In doing so, the group violated its usual protocol, in which it refrains from associating itself with bungled operations, or those where the attacker is still at large (the first exception to this rule was in the context of an attack in Brussels last month). However, it evidently decided that the opportunity cost of not claiming the Parsons Green operation was just too high. Its media officials had recognized that, without much effort, they could shift the discourse surrounding the attack and spin its failure into success.
They were not disappointed: After the statements emerged, perceptions regarding the operation were upended, and the British terrorism threat level, which is set by MI5, was raised from “severe” to “critical.” The focus was no longer on the failure of the bomb—that had become incidental at best. Instead, the key takeaway from the attack became the fact that ISIS was capable of hitting the U.K. for the fourth time in six months.
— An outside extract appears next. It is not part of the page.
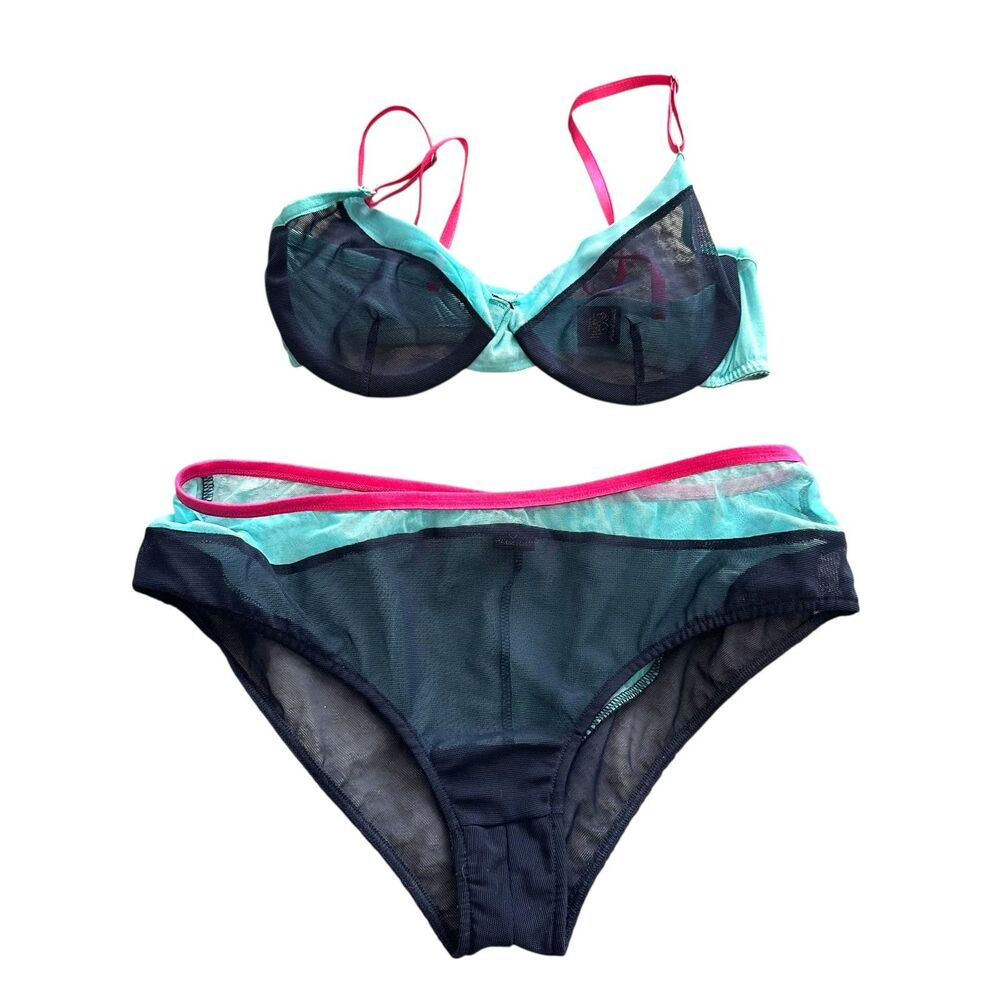 ONLY HEARTS Whisper Two Toned Underwear Set Midnight Aqua NWOT Small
This is not the first time ISIS has deployed propaganda to steer popular discourse after an operation. Consider the way a handful of words transformed the likes of the Orlando shooter, the Sydney siege gunman, and other so-called “inspired” attackers from “ordinary” murderers of unarmed innocents into “soldiers of the caliphate.”
The dynamic this time was not dissimilar: Propaganda was deployed in order to supplement the communicative impact of Friday’s operation.
In view of this, we have to recognize that ISIS’s claims of responsibility are never “just” claims of responsibility. Rather, they are central parts of the terrorist deed, psychological addendums geared toward rigging popular perceptions that are, at times, more impactful than the operation itself. Understanding how these claims—which ISIS itself describes as “media projectiles”—impact a given attack is critical if we are to weather this storm.
First, we have to leave behind the myth of the binary outcome. In the context of this kind of narrative-led terrorism, operations do not simply succeed or fail based on their immediate effects. Rather, there is a sliding scale of success, and the number of casualties is just one metric. At least as important as the human impact is the communicative impact, the value of the attack as an act of “propaganda of the deed”—a tactic whereby operations are carried out precisely for the horror they instill in adversaries and the morale-boost they give to supporters. This is what, as an organization, ISIS really craves.